In terms of prestige, it seems like a blessing and a curse to me. I think for getting research dollars, it is very important, but the madness it creates in the school’s applicants as well as the burden to maintain that ephemeral ranking, changes the school and its student body somewhat. (One can’t recall a year in recent memory when a giant crane didn’t exist on the local big campuses here…). I’m starting to root for hidden gems instead :slight_smile:

(I noticed that I may have given a slight to USC earlier, which was unintentional. I do have several wonderful and successful friends that went there, and they would chuckle at the thought that the school ever held them back in any way, even 20-30 years ago. Admittedly there was misguided bias back then aimed at SC, but they were solid then and are better now. It’s still amazing that a private school is that large… and that such a large school can breed such loyalty among their students and alums)

@Penn95 I’m pretty sure I’m not far off as far as my assumptions. It makes sense that people outside the U.S. are more likely to recognize colleges because of their academic reputation not because of their sports programs. We’ve got skewed priorities here.

The guy who tried to sell my youngest SAT/ACT tutoring went to Yale and all I could think was, “He went to Yale and he has this lousy job?”

I grew up in a town with a college and name recognition comes by osmosis. People without college educations would know way more colleges than someone from rural Arkansas. Syracuse had the most name recognition because of proximity - the sports teams were on the news.

@Penn95: “I find it hard to believe that people . . . would lump Stanford with places like Notre Dame or USC.”

When I was growing up in central Florida (which was, alas, a while ago), my sense of Stanford was that it was the strongest member, academically speaking, of the Pac 10 schools. Talk about damning with faint praise! And I was the son of a college professor and someone who was much more attuned to college comparisons than was the average Florida high-schooler. However, I don’t think my lukewarm assessment was at all unusual for that time and place–long before the Internet and far away from California’s golden shores.

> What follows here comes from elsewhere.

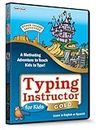 Individual Software Typing Instructor for Kids Gold - Typing Training for Kids to Learn to Type or Improve their Typing Skills - Teaches Keyboard Basics Following One of 10+ Skill & Age-Appropriate Typing Plans – CD/PC
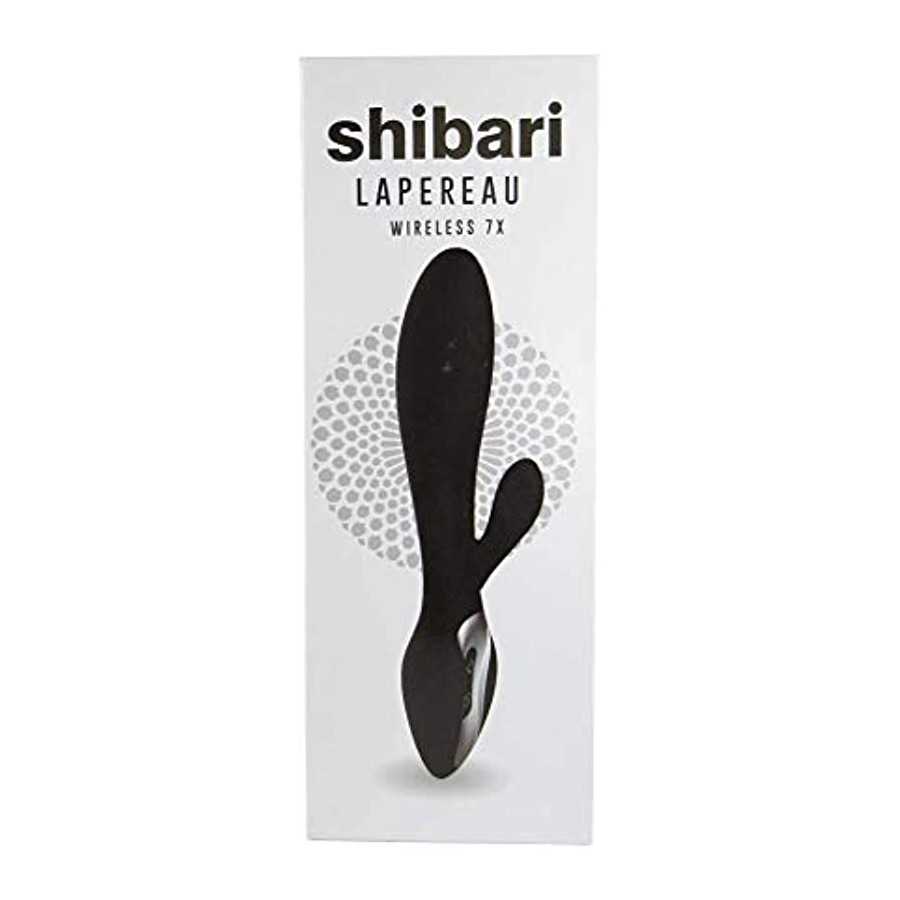 SHIBARI Lapereau Wireless Rabbit Vibrator, 7X, Black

It’s hard for people who seem to have been born with iPhones as a fifth appendage to realize the extent to which quite recent technological innovations have impacted popular perceptions of many traditions and institutions. The current ascendancy of Stanford (in some circles) needs to be located within the context of that broader cultural shift. Stanford’s reputation has profited immeasurably over the last two or three decades from its proximity to and affinity with tech-boom-era Silicon Valley.

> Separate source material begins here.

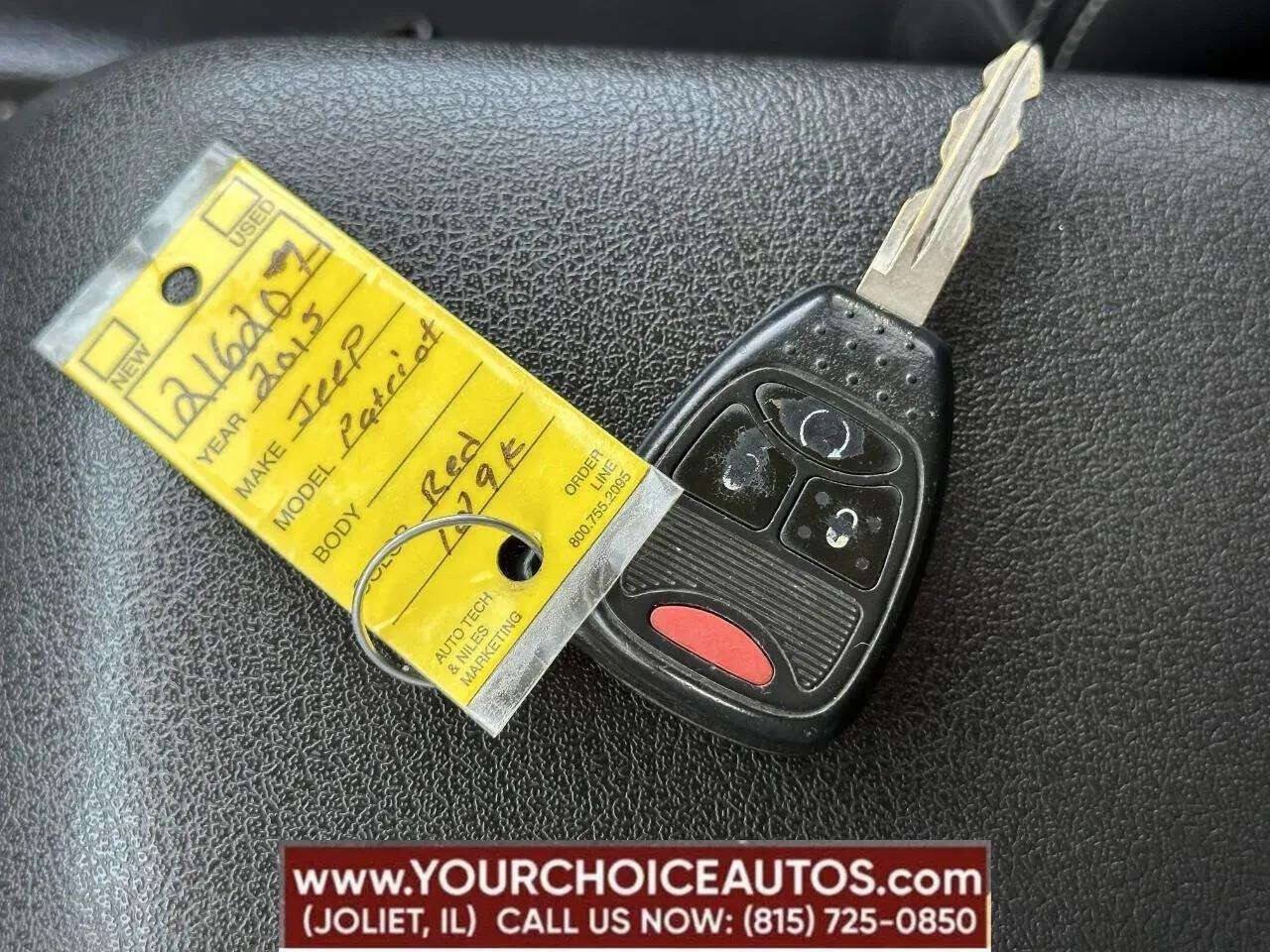 Used 2015 Jeep Patriot High Altitude AWD/4WD image 38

Still, that reputation is not universal. It will be more prevalent on the West coast, in elite circles in the Northeast, among people who enthusiastically equate “technology” with “knowledge,” and in regions (e.g., China) where technical education has become something of a cultural imperative. Ordinary folk in ordinary towns in ordinary American “flyover” country remain much more likely to think of Harvard and Yale as top of the pops–and of Stanford as a good school out West that plays USC very tough in football most years.

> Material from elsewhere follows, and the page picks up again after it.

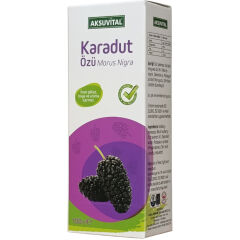 Aksuvital Karadut Özü (Morus Nigra) 100 ml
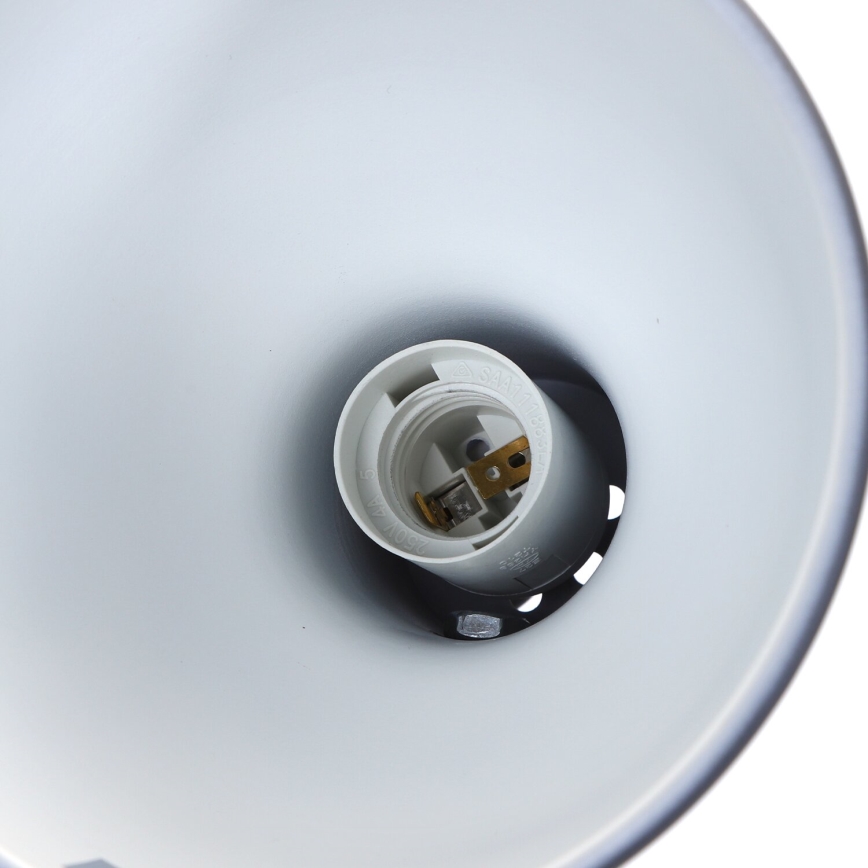 Aigostar - Galda lampa 1xE27/40W/230V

@MrSamford2014 Yeah i agree. As I said it depends on where you are in the country, and how sophisticated the area is. But in the at least somewhat sophisticated circles globally and on the US coasts and major metropolitan areas the shift is noticeable. While Stanford is def not on par with Harvard (yet) in terms of sheer name recognition, it competes on overall strength and has come to be seen as part of the top pair in higher ed, mainly because it can challenge Harvard in areas that Yale (or Princeton, or MIT) has never been able to. I definitely agree the rise of pre-professionalism and technology and decline of liberal arts has had a lot to do with it, but Stanford didn’t just happen to be near Silicon Valley, it was instrumental in building Silicon Valley and making it what it is today.